Тем более не чувствует опасности своего бездомья Колокольников. Легкокрыл Пашка Леонида Куравлева, записной балагур и устроитель чужих судеб. Гоняет себе на грузовике от села к селу по опасному, но богатому встречами Чуйскому тракту, исполняет не столько профессиональный долг, сколько роль путевого Гименея. То соединит повздоривших молодых библиотекаршу и инженера-москвича. То сведет гораздо более зрелых персонажей Нины Сазоновой (тетка Анисья) и Бориса Балакина (шофер Кондрат Степанович). Здесь Пашкин грузовик что дворец бракосочетания на колесах. Мало того, в финале Колокольников уносит смертельную беду от людского обитания. Таков по-оттепельному невесомый и веселый устроитель-спаситель нашего Дома, навсегда приговоренный к дороге.

И финальная остановка Пашки – не дом, а больница, куда он попадает, совершив "по дурости" подвиг, предотвратив взрыв на бензохранилище. Но значим не сам геройский поступок, вполне укладывающийся в оттепельную сюжетную модель. Значима противоестественность для героя даже такой – вынужденной остановки.
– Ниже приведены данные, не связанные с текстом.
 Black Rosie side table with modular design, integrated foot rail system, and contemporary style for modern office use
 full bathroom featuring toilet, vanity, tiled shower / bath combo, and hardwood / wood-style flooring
Дорога – образ жизни Пашки, в слепой блаженности отдающегося короткому лёту первого послесталинского десятилетия и как раз тогда, когда сама оттепель уже явно клонится к закату, когда ее глашатая Хрущева вот-вот отправят на заслуженный отдых.
Фильм "Живет такой парень" выполнен режиссером в жанре, как сейчас говорят, road movie. Впрочем, и другие его постановки близки дорожному кино. Да и все заметные кинороли самого Шукшина как актера – по преимуществу, дорожные. Даже у основательно осевшего на родной земле Федора-большого ("Два Федора", 1958), поднимающего дом из пепла войны, позади – пешие фронтовые дороги. Камера Петра Тодоровского специально дает крупным планом истоптанную кирзу, отдыхающую у постели пехотинца.
"Аленка" (1961) Сергея Антонова и Бориса Барнета – то же дорожное кино. Истории персонажей, включая и бывшего детдомовца целинника Степана Ревуна (В. Шукшин), рождаются в кузове полуторки, которая движется из далекого совхоза в казахской степи к станции Арык.

Особое место в этом ряду занимает фильм Юрия Лысенко "Мы, двое мужчин" (1962). Из деревни в райцентр ведет свой грузовик забулдыга-шофер[3], прихватив в кузов нескольких баб с их нехитрым скарбом, а в кабину – сына безмужней сельской учительницы, та умолила неласкового с виду водилу купить первоклашке Юрке школьную форму в городе. Совместный путь видавшего виды Михаила Горлова (тоже, безотцовщины) и живого, любознательного мальчишки по-родственному сближает их. В Горлове выразительно и трудно пробуждается отцовское чувство.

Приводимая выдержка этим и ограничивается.